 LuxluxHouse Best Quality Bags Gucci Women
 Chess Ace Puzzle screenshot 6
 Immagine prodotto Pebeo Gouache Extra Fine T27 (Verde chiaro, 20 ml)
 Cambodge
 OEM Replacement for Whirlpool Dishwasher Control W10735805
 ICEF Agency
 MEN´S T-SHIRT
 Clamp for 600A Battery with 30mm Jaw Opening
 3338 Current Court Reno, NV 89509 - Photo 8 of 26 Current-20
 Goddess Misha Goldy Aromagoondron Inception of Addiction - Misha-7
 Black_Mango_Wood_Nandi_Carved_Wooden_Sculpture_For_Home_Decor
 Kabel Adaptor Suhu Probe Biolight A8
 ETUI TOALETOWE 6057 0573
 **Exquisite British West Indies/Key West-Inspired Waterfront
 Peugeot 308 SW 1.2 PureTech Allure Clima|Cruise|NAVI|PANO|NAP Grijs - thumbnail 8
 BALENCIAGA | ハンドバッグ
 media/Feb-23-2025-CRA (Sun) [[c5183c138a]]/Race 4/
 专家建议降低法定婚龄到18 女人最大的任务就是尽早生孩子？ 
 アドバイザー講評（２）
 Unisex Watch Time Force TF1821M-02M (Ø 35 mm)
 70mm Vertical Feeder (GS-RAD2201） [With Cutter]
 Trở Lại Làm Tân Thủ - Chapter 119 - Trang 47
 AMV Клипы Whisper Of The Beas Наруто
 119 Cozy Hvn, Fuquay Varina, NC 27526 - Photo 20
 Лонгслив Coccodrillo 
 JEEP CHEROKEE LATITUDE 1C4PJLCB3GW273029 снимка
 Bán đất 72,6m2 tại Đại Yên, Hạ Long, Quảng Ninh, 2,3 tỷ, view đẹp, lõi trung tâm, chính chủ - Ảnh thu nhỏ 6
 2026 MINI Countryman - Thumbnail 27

..........

Task objective =>
Return each line of the material above that holds the string "Photo".

Worked solution =>
 3338 Current Court Reno, NV 89509 - Photo 8 of 26 Current-20
 119 Cozy Hvn, Fuquay Varina, NC 27526 - Photo 20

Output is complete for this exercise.